How to complete this task -> The response should consist only of the lines from the one with "Regulated power supply" to the end of the data below, copied exactly and without pictures.

Collected data ->
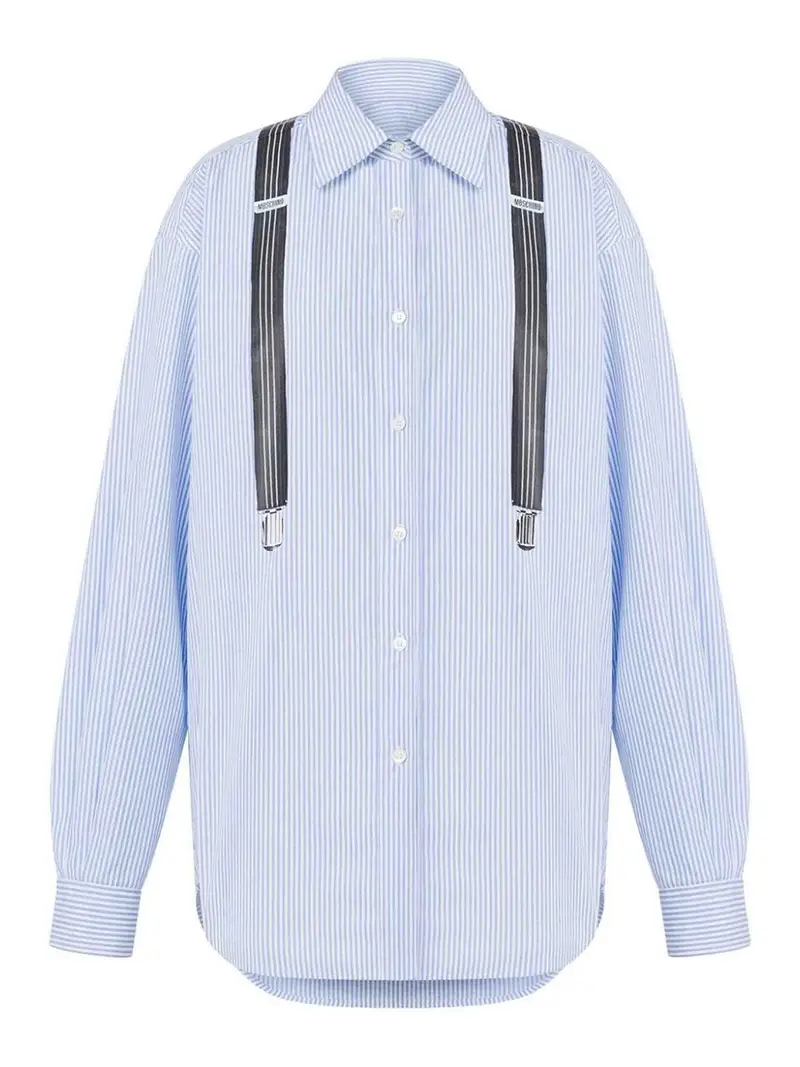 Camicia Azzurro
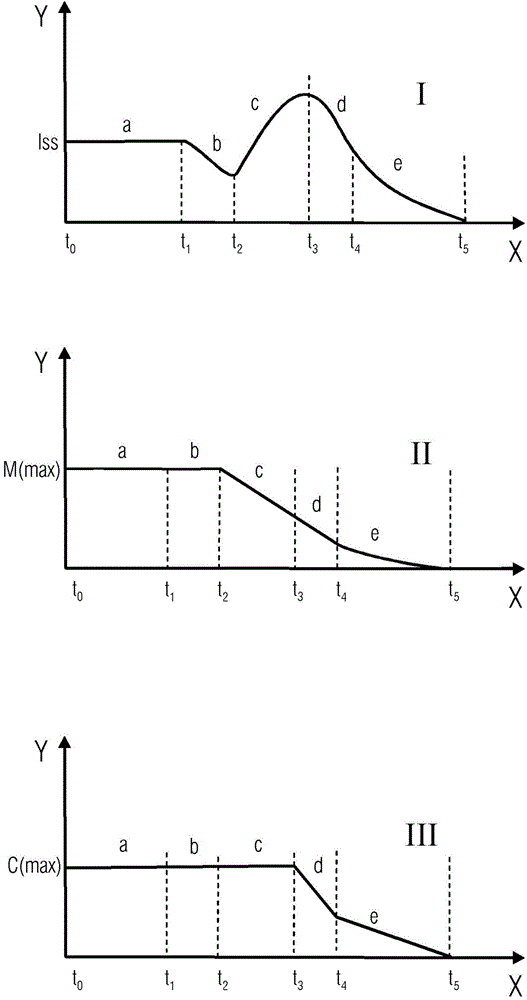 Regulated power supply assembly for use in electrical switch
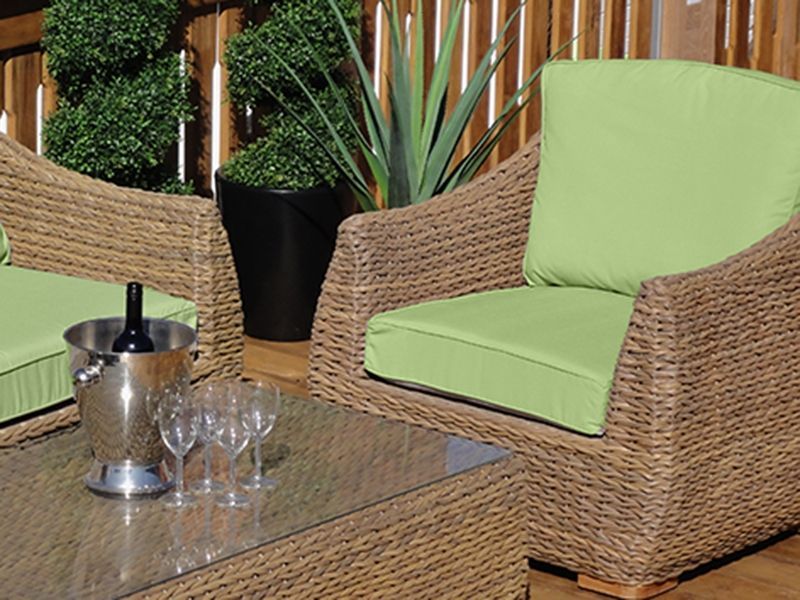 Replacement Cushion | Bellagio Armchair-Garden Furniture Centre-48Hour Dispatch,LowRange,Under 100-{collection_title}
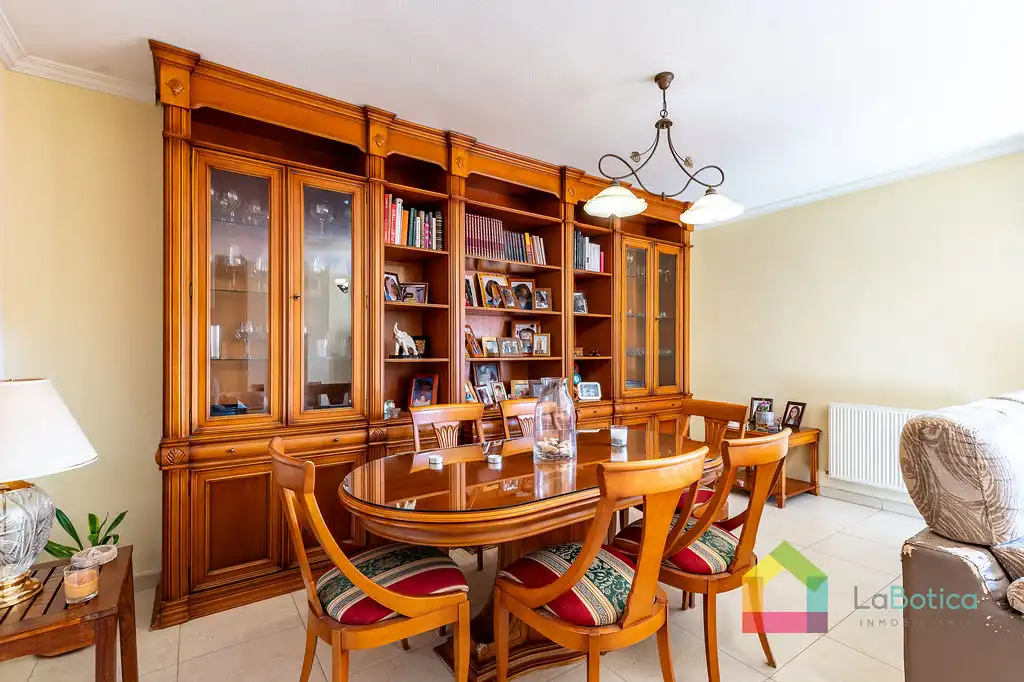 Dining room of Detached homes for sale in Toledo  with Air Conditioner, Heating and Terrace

Output for this task ->
 Regulated power supply assembly for use in electrical switch
 Replacement Cushion | Bellagio Armchair-Garden Furniture Centre-48Hour Dispatch,LowRange,Under 100-{collection_title}
 Dining room of Detached homes for sale in Toledo  with Air Conditioner, Heating and Terrace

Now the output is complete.